Aeroderivatives take off at Colorado Springs and Biblis

30 April 2021

GE has received an order from community-owned Colorado Springs Utilities for six of its LM2500XPRESS aeroderivative gas turbine packages to help the utility bridge the gap and power the downtown area of Colorado Springs until a new transmission line is completed in 2025.

Above: New “grid stability plant” at Biblis. Former nuclear station visible to the right


GE has received an order from community-owned Colorado Springs Utilities for six of its LM2500XPRESS aeroderivative gas turbine packages to help the utility bridge the gap and power the downtown area of Colorado Springs until a new transmission line is completed in 2025.

In alignment with Colorado’s goals to reduce statewide greenhouse gas emissions from transport, electricity generation, and other sectors, Colorado Springs Utilities’ board has committed to retiring the coal-fired Martin Drake power plant by 31 December 2022 —12 years earlier than previously planned.

GE says its recently debuted LM2500XPRESS power plant technology will help Springs Utilities acquire the flexibility they need to bring more renewables onto the system and move forward with the retirement of Martin Drake.

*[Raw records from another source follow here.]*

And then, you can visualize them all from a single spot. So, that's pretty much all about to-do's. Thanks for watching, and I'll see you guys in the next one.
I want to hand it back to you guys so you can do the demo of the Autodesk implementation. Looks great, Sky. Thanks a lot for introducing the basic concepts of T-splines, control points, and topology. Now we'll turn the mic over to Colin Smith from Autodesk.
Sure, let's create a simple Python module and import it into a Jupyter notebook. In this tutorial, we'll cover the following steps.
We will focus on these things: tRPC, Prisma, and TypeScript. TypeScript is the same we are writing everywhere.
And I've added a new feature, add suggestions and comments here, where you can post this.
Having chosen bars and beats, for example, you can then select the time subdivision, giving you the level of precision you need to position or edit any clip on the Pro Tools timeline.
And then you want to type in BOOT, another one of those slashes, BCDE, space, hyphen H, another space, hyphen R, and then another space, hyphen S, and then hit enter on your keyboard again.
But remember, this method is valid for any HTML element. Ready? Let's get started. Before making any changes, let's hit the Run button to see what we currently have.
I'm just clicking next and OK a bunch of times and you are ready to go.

The LM2500XPRESS units, 34 MW each, will be the first to be installed in North America and are expected to start commercial operation by the summer of 2022. They are designed for ease of transport, on trailers, and will eventually be relocated to other sites in the Colorado Springs area.

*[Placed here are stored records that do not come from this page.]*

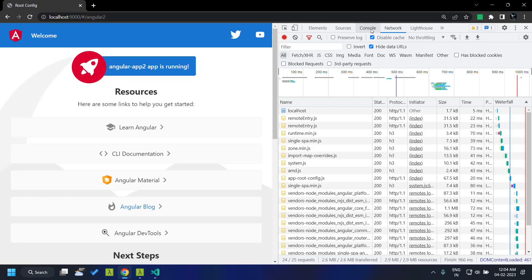Hope you are able to get a good idea about how to integrate module federation into a single spa ecosystem using multiple Angular applications. The main use case is that we will be able to share common dependencies between these applications. See you soon, thank you.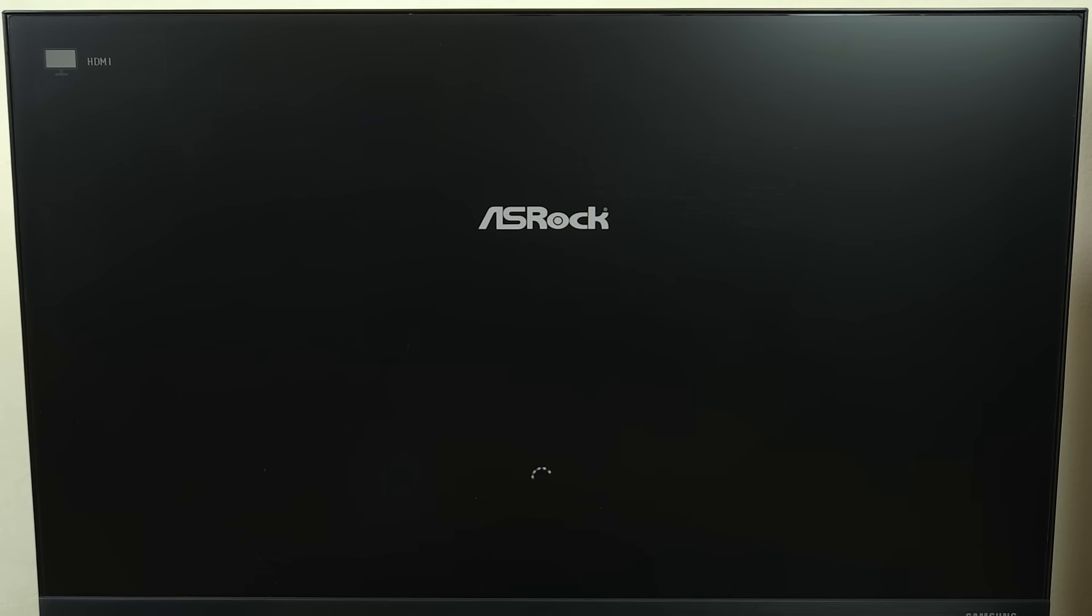And we are basically done. Now once your PC restarts, secure boot will be enabled on your ASRock motherboard. You can also disable secure boot this way. I hope this video was helpful. If it was, please give it a thumbs up and don't forget to subscribe.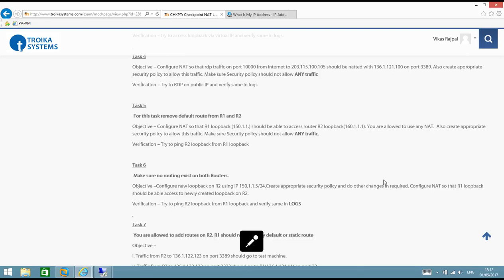Hello everyone, welcome to the video series of NAT configuration on Checkpoint firewall. I hope you have seen the last two videos — therein we discussed some basic concepts, how we can implement source NAT and destination NAT. In this video we will see some advanced concepts related to NAT.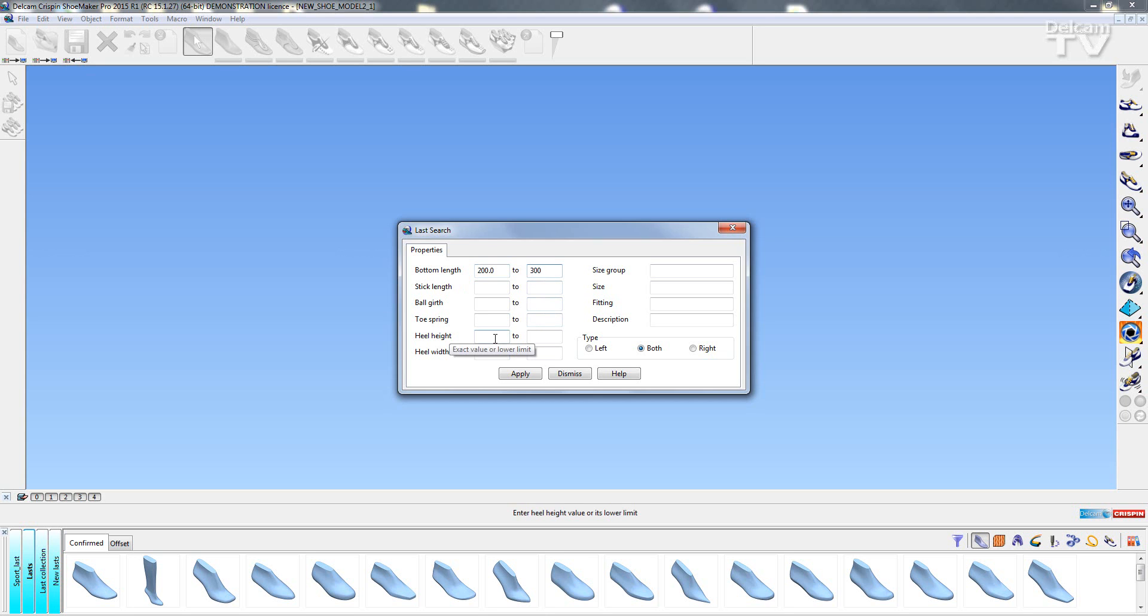I'm then going to enter a heel height value so I want a heel height of between 20mm and 50mm.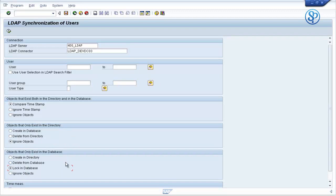This would be an option that you frequently use because normal practice is that when an employee or user leaves the company, the user IDs in SAP are not immediately deleted — they are actually locked for a certain period of time. How many months or days depends on the customer; it could vary anywhere from 90 days to 180 days. Depending on your policy, you would lock the user IDs.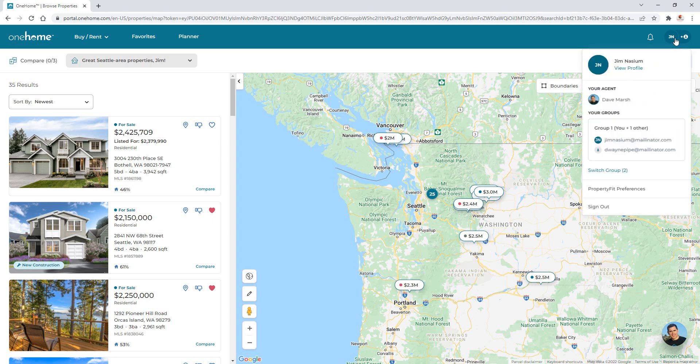And from here, in addition to viewing your current agent's name, we're also able to see exactly which group members have access to your OneHome account. Now group members are essentially friends or family members who are CC'd on the same property notifications that you're being emailed.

The LM2500XPRESS power generating units are 95% factory assembled into simplified modules and provide a “plug and play” concept with installation in less than three weeks, says GE. Each power block comprises a GE LM2500 aeroderivative gas turbine modular package, gas compressor and emissions control system. In addition, a black start diesel generator is included to provide start-up capability in case of grid faults.

The units provide dual-fuel capability, primarily burning natural gas, but able to run on liquid fuels if necessary.

They employ a dry low emissions (DLE) combustion system, minimising water use, and an oxidation catalyst.


Above: LM2500XPRESS


In December GE announced its first order for a power plant using LM2500XPRESS technology, an eleven-unit 300 MW grid reserve facility to be supplied to RWE for installation at its Biblis site. RWE Generation had been previously awarded the contract to build and operate the Biblis gas fired grid reserve plant by transmission system operator Amprion.

The new plant, to be built in a former car park just south of the decommissioned and fuel-free Biblis nuclear power station, will not be available to the open electricity marketplace; instead, it will only be operated as required by system operators to “help ensure grid stability with high efficiency.”

The new natural gas fuelled plant is expected to enter service in late 2022.

Germany is generating record amounts of renewable energy in the north, but its grid is challenged to transport all the power down to load centres in the south and it repeatedly faces critical situations, with imports arranged at short notice from surrounding countries, for example, required to stabilise the grid.

“Grid stability plants”, such as that being installed at Biblis, are seen as one of the building blocks towards overcoming this challenge.

“We are delighted that we were awarded the contract for the Biblis site. The excellent existing infrastructure there and our reliable and flexible concept for the plant have won out. We will thus be able to make an important contribution towards security of supply in Southern Hesse,” said Roger Miesen, CEO of RWE Generation. “We have a long-standing relationship with GE and we’re proud to work together to install the world’s first LM2500XPRESS.”

“The rapidly progressing energy transition presents system operators and energy suppliers with the increasingly difficult task of continuously ensuring stability of the grid”, said Aman Joshi, senior global sales director for the aeroderivative business at GE Gas Power. “GE continues to invest in new technologies, such as the LM2500XPRESS power plant, as we consider renewables and gas power complementary. The combination of five-minute fast start with cycling and load following capabilities is ideal to help support grid stability and we’re excited to bring it to Biblis to help RWE to provide a reliable supply of energy.”

The LM2500XPRESS units for the Biblis project will be manufactured at GE Gas Power’s Manufacturing Excellence Center, Veresegyhaz, Hungary.

The LM2500XPRESS builds on GE’s proven LM2500 aeroderivative gas turbine technology, with more than 2500 units sold and over 97 million operating hours amassed.

For plant operators who need power in just days, the LM2500XPRESS can be installed in as little as two weeks with a minimal crew. It’s available in both simple and combined cycle configuration, for both 50 and 60 Hz applications. In simple cycle, power rating is 34 MW and efficiency up to 39.5%, in combined cycle the capacity is up to 47 MW efficiency up to 54.4%.